Overview
Arun Jaitley Stadium, more widely known by its former name Feroz Shah Kotla, sits in the heart of Delhi and is one of India's most established international cricket venues. Across 165 matches in our dataset spanning 2004 to 2026, it has hosted IPL, ODI, T20 International, and Test cricket. The ground is the home of Delhi Capitals in the IPL, and India's international record here, across Tests and white-ball matches, is among the strongest of any venue in the country. Spin, variable bounce, and competitive first-innings totals averaging 185 runs define the ground's character.
The stadium carries considerable weight in Indian cricket history, though the recent decades have been shaped as much by its status as a franchise venue as by its international calendar. With 99 IPL fixtures against eight Tests, the balance of the ground's modern identity is firmly in the short-form game.
Pitch and conditions
Powerplay scoring at Arun Jaitley Stadium sits at an average of 44 runs from the first six overs, at the cost of 1.36 wickets. That is a measured return. Openers who play sensibly through the powerplay tend to set a platform rather than blow the game open early, and bowling sides that take one or two wickets in those six overs are well positioned for the middle phase.
The middle overs are where the innings is primarily built at this ground. An average of 91 runs between overs seven and fifteen dwarfs both the powerplay and the death, which contributes just 37 on average. That final figure suggests either that wickets fall regularly in the closing stages or that the surface does not allow for the kind of clean hitting that produces totals of 200 and above with regularity. Death-over containment could, on balance, be as significant here as powerplay aggression.
In the toss data, 59% of captains elect to field first, and that instinct has some grounding in results: chasing sides win 56% of matches. The 20-run average gap between first (185) and second (165) innings scores is consistent across the dataset, suggesting conditions may ease or dew becomes a factor in evening fixtures, though neither explanation should be taken as a reliable rule.

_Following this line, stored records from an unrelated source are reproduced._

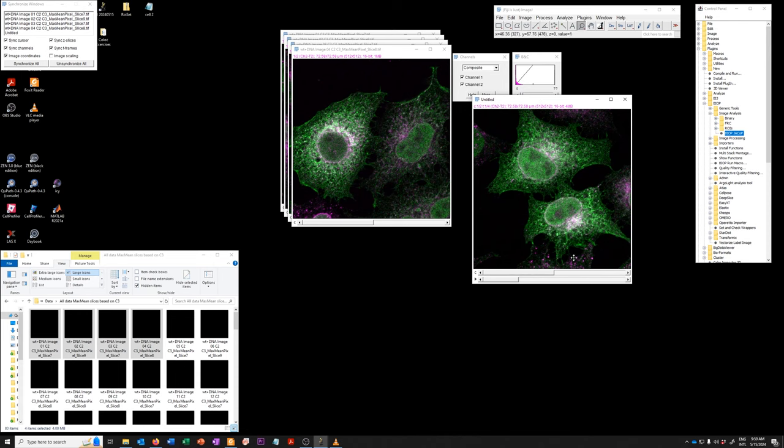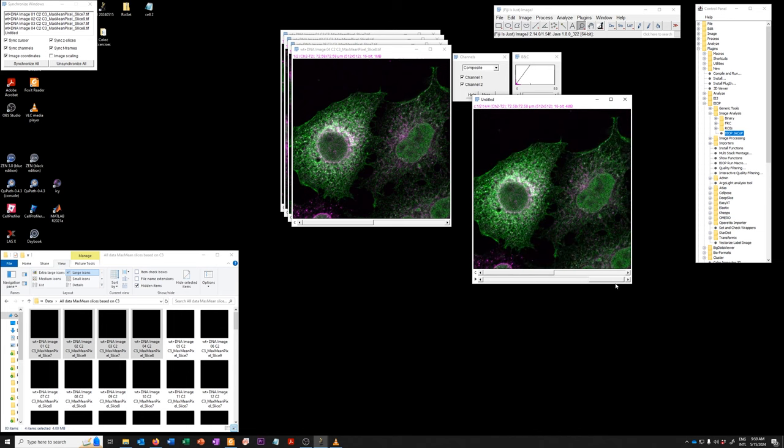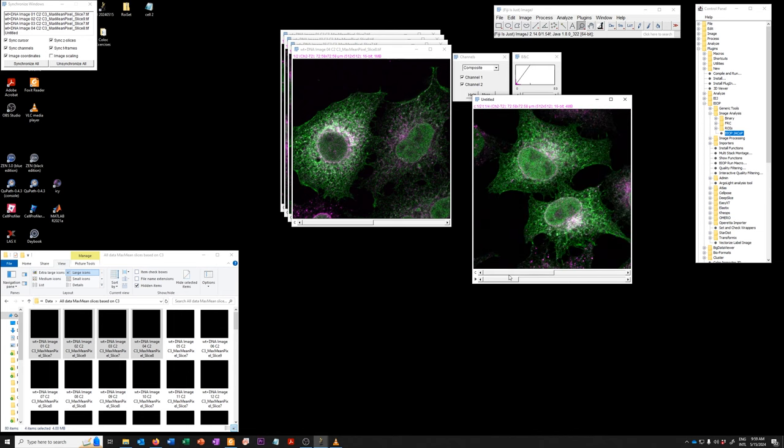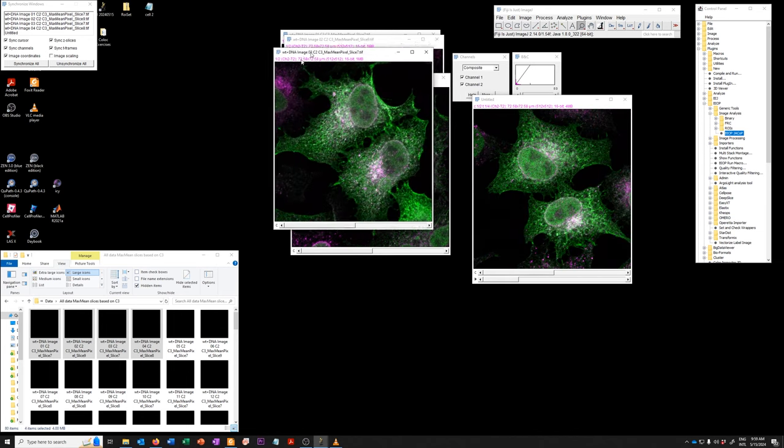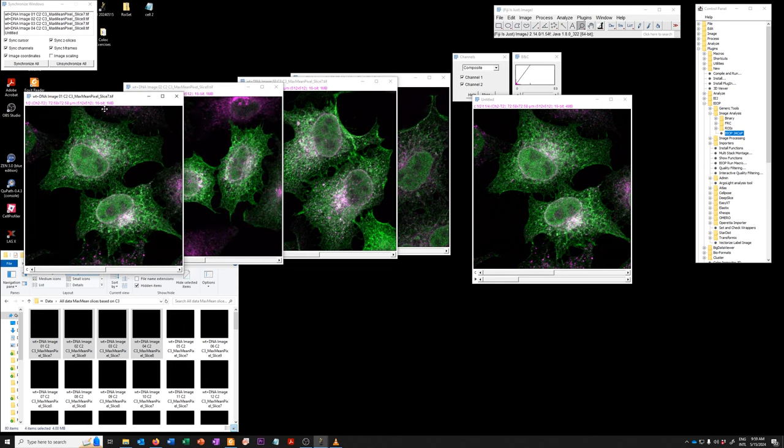Now we have two channel images. You can see there are two channels here, but we have multiple time points. So the way it created this is it put each of these images as a time point in this concatenated stack.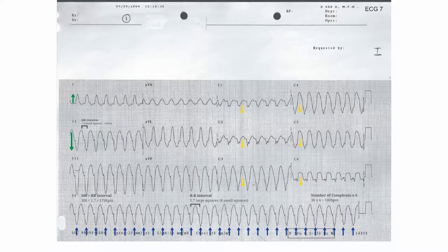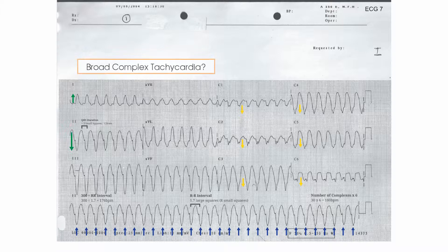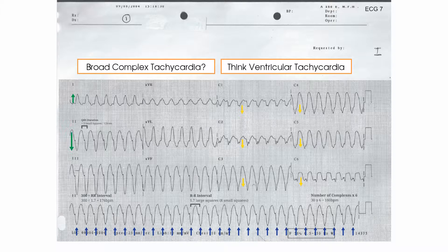Ventricular tachycardia is often taught in the context of the single lead appearance in a shockable arrest rhythm. The clinical status of the patient is not able to tell you that the patient does not have ventricular tachycardia. To reiterate for the final time, broad complex tachycardia should be thought of as ventricular tachycardia until good evidence is found otherwise. Seek help from someone who can help you to make this decision.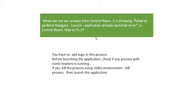How to avoid this? Most of the BP developers will face this issue. You can add logic: before launching the application, check if any process with name iexplore is running through the Process VBO. This Visual Business Object will take all the processes. You can check if it is running or not. If yes, then kill the process using Utility Environment kill process. Then again launch the application. In that case you can avoid this type of issue.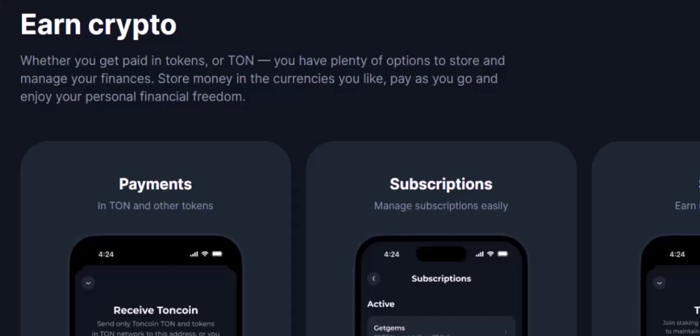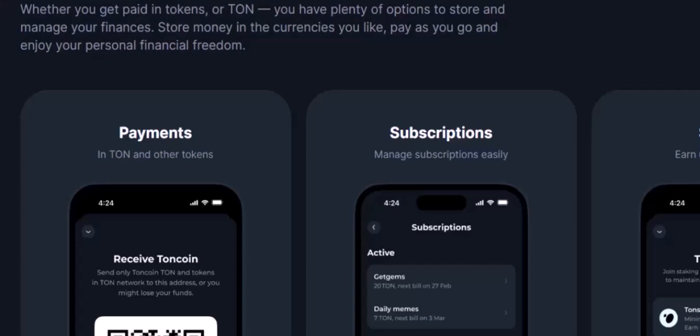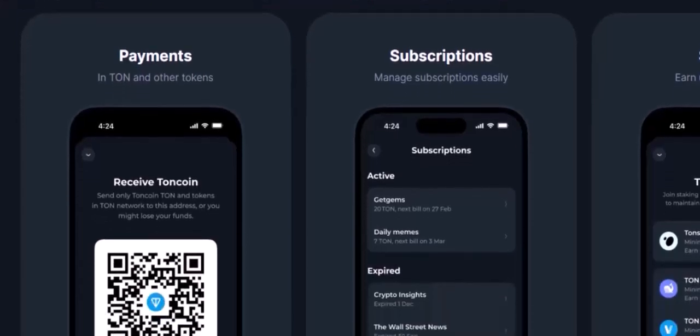Losing access to your TonKeypr wallet can be a stressful experience. However, by following these steps and seeking assistance from TonKeypr support, you can increase your chances of recovering your account. Thanks for watching, and until next time, remember to prioritize the security of your digital assets.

Test cricket at Kotla tells a different story. The spin-friendly surface has produced some of the most one-sided bowling displays in Indian home conditions, with off-spinners and left-arm orthodox bowlers dominating the all-time figures. Visiting batters unfamiliar with the pace and turn the surface offers in longer matches have historically struggled.
Historical records
The batting records at the ground are almost entirely the product of Test cricket. Virat Kohli's 293 off 345 balls against Sri Lanka in December 2017 is the highest individual score, and it came in a match that also featured an impressive 200 off 451 from Sri Lanka's Dinesh Chandimal, making it one of the most run-filled Tests staged here. The October 2008 Test against Australia produced two further entries in the top five: VVS Laxman's unbeaten 259 off 431 balls and Gautam Gambhir's 242 off 487, a remarkable pair of innings considering how heavily spin-assisted the surface can be.

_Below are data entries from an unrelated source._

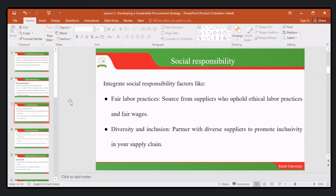Another aspect of social responsibility involves conversations around diversity and inclusion, where we partner with diverse suppliers. The intention is to promote inclusivity in your supply chain. We can have these engagements with other like-minded organizations and citizens, having conversations on how to diversify our activities around diversity and inclusion.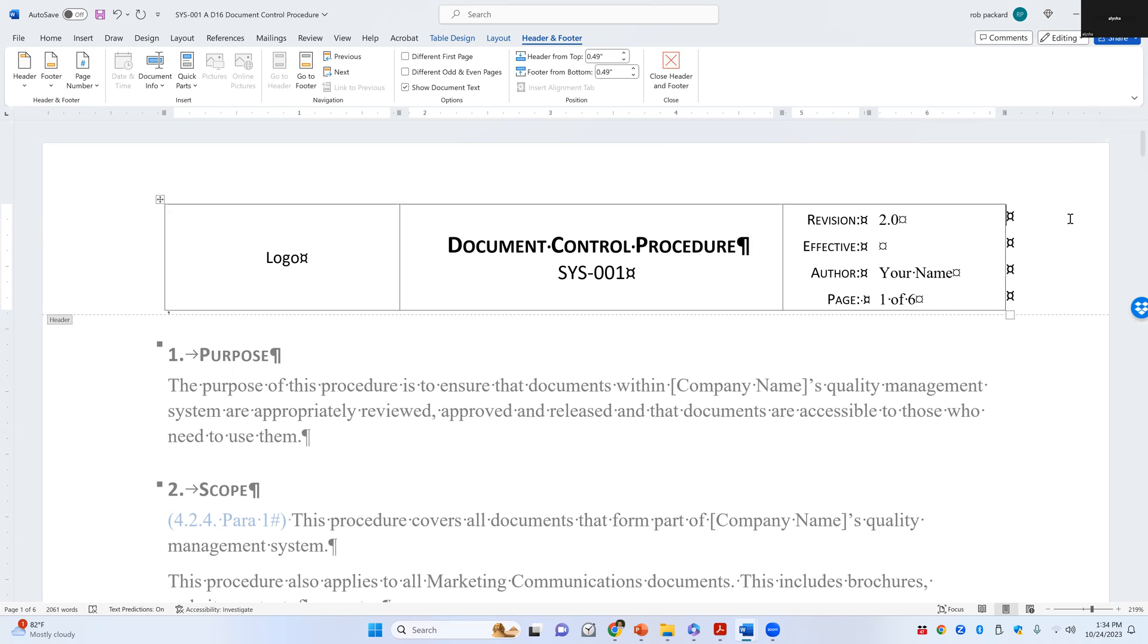So you don't have to write any words. You just have the convention of if the number after the decimal changes only, then it's a minor change. No retraining is required. If the number before the decimal changes, it's a major revision and training is required.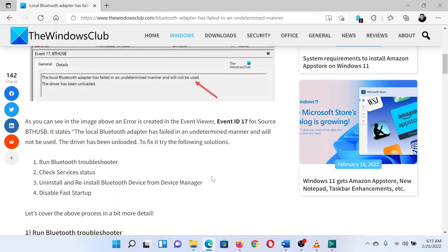If you have any doubts, please go to the original article on the Windows Club and write your question. We will surely answer it. Thank you for watching this video. Have a nice day.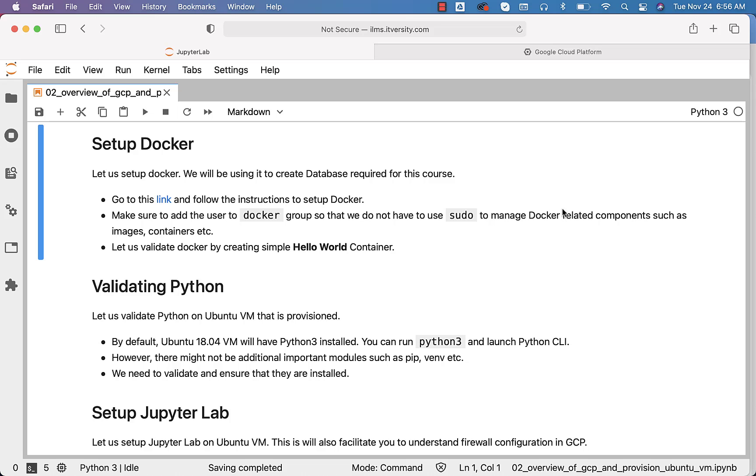Once you have a virtual machine on GCP, AWS, Azure, or even a bare metal server at your home, once the operating system is installed on top of it, especially Ubuntu 18.04, you should be able to set up Docker.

With the ball, Ravindra Jadeja's 10 for 110 from 33.2 overs in the February 2023 Test against Australia stands as the ground record. Ravichandran Ashwin's 9 for 128 against West Indies in November 2011 places him second. The dominance of Indian spinners in these figures underscores how well the conditions suit slow bowling across a Test match, and Nathan Lyon's 9 for 165 in March 2013 is a reminder that visiting spinners, given the right conditions, can also find something here.
Who plays here
Delhi Capitals are the primary occupants, with 89 matches at the ground across the IPL era. Their 43% win rate at home is modest, and several visiting franchises have built strong records at Kotla. Sunrisers Hyderabad lead the visiting record with nine wins from 13 matches, Chennai Super Kings have won eight of twelve, and Royal Challengers Bangalore seven of eleven. India's international teams have used the ground for Tests, ODIs, and T20Is, winning 16 of 24 matches across those formats at a 76% rate, comfortably the best record of any side in the dataset. South Africa, in limited appearances as a visiting Test side, have won six of their eight matches at the venue.